So about a year ago, as I started querying my ms, I decided to keep track of my progress over a one year period. Am I repped by an agent yet? Well, no. Am I much further along than I was when I first started? You bet. Am I going to stop querying? Absolutely not. In fact, both my query and my novel feel a lot more ready than they did at this time last year, and I’m optimistic moving forward.

So, in no particular order, here are some things I’ve learned so far:

1. Stop hurrying.

There’s a panic that would set in whenever I read articles that said, “the traditional publishing world is dead” or “paranormal (dystopian, sci-fi, or pretty much any other genre) is no longer selling.” Whenever I read things like this, it would put me into hyperspeed, worried that if I didn’t pitch my idea soon enough, either the publishing world wouldn’t be there to see it, or it would be un-marketable.

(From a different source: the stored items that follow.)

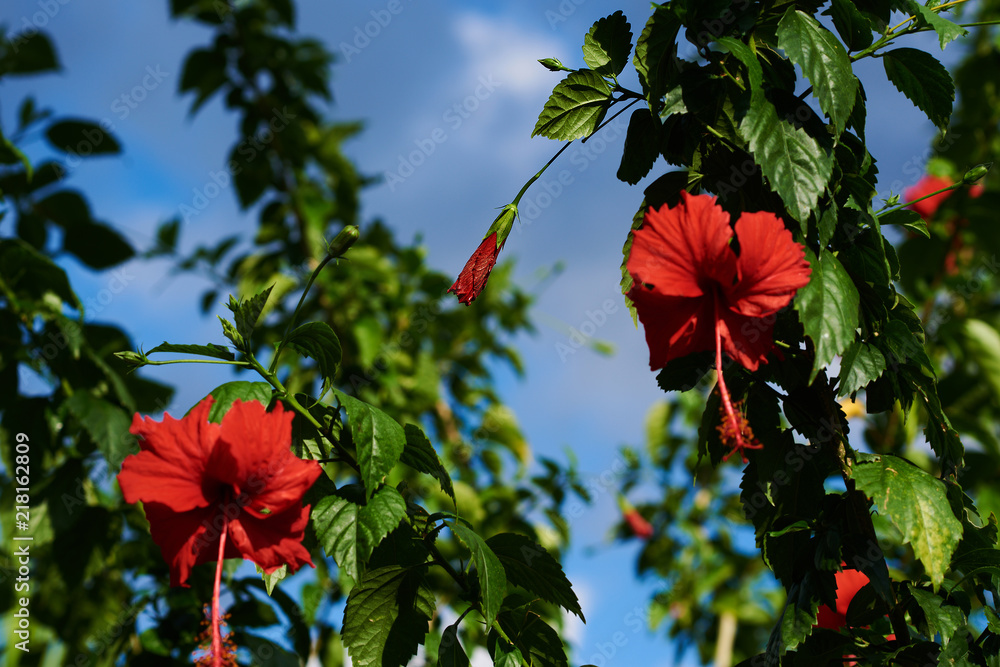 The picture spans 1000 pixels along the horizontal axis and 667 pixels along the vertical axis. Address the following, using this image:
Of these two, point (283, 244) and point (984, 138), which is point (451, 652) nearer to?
point (283, 244)

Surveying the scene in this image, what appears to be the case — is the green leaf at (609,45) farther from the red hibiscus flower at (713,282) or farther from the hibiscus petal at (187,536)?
the hibiscus petal at (187,536)

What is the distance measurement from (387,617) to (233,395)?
35 centimetres

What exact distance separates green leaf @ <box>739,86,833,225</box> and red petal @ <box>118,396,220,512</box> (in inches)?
28.0

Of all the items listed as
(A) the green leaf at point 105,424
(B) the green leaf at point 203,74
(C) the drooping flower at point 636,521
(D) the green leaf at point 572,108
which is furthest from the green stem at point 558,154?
(C) the drooping flower at point 636,521

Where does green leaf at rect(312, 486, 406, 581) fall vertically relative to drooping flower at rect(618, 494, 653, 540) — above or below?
below

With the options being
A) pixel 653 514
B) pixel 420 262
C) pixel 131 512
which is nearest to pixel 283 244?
pixel 420 262

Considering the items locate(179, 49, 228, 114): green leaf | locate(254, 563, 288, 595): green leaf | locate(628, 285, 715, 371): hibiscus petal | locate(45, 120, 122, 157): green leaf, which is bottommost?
locate(254, 563, 288, 595): green leaf

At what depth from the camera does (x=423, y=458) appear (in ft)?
3.60

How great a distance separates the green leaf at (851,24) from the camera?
985 mm

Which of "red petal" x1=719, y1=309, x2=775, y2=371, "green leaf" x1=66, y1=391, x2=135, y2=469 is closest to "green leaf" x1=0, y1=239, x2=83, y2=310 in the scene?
"green leaf" x1=66, y1=391, x2=135, y2=469

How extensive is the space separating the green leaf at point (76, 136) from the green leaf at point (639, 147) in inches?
72.3

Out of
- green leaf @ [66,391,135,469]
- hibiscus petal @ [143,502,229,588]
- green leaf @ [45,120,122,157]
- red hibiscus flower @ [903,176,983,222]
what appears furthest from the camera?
red hibiscus flower @ [903,176,983,222]

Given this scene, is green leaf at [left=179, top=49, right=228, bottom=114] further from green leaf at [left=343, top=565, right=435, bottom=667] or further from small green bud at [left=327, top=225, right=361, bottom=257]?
green leaf at [left=343, top=565, right=435, bottom=667]

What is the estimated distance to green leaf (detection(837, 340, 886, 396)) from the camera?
92cm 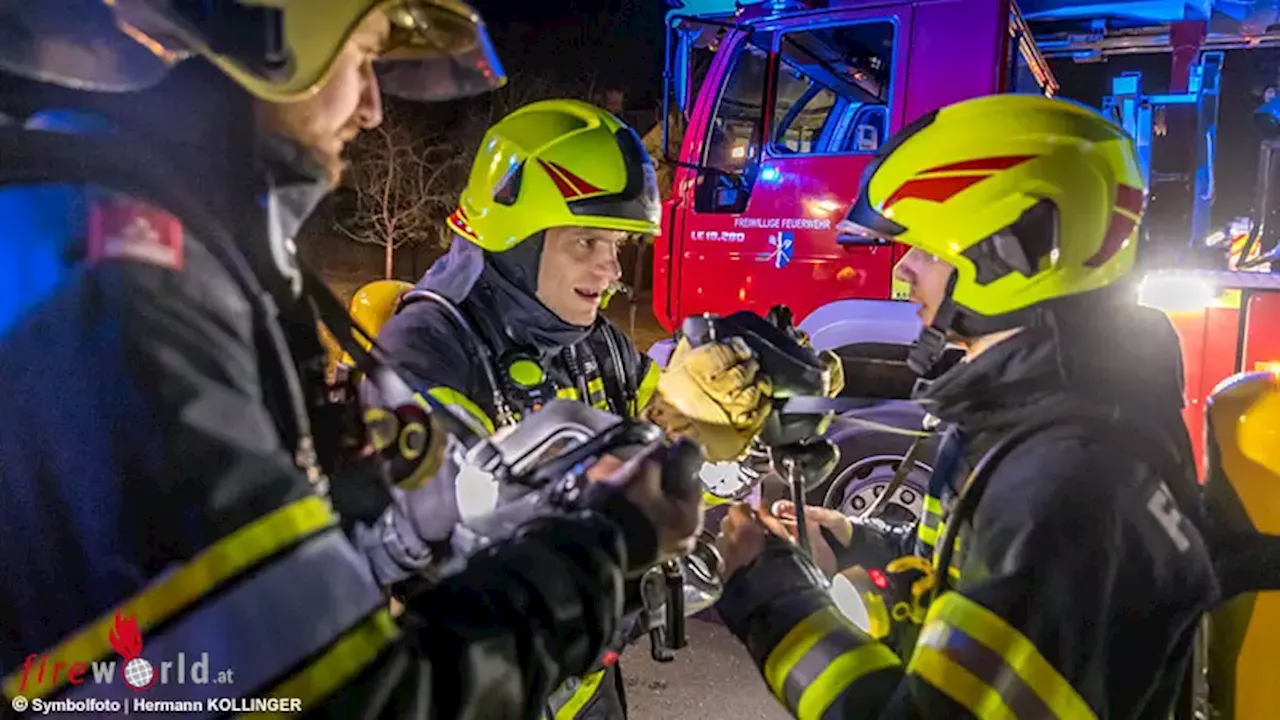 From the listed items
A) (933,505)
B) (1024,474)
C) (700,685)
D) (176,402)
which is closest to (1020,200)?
(1024,474)

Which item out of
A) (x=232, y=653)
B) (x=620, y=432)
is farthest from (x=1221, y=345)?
(x=232, y=653)

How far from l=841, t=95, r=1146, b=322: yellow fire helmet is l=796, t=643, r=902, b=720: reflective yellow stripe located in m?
0.66

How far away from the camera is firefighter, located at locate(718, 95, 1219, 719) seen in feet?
4.65

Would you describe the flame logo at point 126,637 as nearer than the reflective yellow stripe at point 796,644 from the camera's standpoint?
Yes

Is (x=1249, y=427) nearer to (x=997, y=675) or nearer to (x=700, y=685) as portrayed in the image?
(x=997, y=675)

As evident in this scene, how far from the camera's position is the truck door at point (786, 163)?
17.8 ft

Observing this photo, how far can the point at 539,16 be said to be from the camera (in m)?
18.1

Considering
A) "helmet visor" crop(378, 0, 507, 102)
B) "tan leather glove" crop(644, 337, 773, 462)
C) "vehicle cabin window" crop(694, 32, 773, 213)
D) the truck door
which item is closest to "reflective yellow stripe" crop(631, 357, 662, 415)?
"tan leather glove" crop(644, 337, 773, 462)

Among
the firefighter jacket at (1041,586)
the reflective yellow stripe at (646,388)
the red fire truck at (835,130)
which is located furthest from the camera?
the red fire truck at (835,130)

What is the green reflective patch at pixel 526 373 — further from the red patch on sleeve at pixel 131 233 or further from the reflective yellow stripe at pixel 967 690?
the red patch on sleeve at pixel 131 233

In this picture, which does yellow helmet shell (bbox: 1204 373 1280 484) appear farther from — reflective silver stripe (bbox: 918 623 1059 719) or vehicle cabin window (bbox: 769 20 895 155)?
vehicle cabin window (bbox: 769 20 895 155)

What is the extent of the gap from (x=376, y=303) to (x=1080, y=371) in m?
1.72

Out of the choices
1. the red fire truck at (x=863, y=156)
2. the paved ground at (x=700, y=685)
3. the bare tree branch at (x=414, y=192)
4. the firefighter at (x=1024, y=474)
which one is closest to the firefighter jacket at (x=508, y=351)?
the firefighter at (x=1024, y=474)

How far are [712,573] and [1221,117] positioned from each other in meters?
6.29
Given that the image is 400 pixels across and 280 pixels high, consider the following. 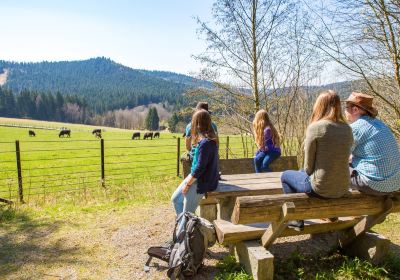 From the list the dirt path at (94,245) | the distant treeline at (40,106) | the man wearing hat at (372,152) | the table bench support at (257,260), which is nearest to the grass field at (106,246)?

But here’s what happened: I was in such a hurry that I forgot some of the basics. I sent a query without a greeting. I sent quite a few with glaring typos, even after I’d perused them multiple times. I sent others without all the agent’s specifications. There were so many that I sent with one or two things missing or wrong that it (almost) got comedic for awhile.

A very helpful published author passed along some very wise advice. A slow querying process is best. Concentrate on writing, and reading. That’s where the bulk of your energy should go. Still query, of course, but take your time with it. The most important thing isn’t getting there first–it’s getting there correctly.

2. Pitch comes first, and everything else comes second.

A webinar I participated in indicated that a compelling pitch is the most important thing in a query. Even more so than the bio, in some cases. Because the story is what matters most.

When I look back at the query pitches I’ve posted to this blog, they make me want to laugh and cry at the same time. They’re so long-winded!

But when a critique partner showed me the Pitch U website, it totally changed my outlook, especially Lesson 4: Where’s the Beef? It really helped me cut out the chaff. And now, my query pops off the page much more than it used to.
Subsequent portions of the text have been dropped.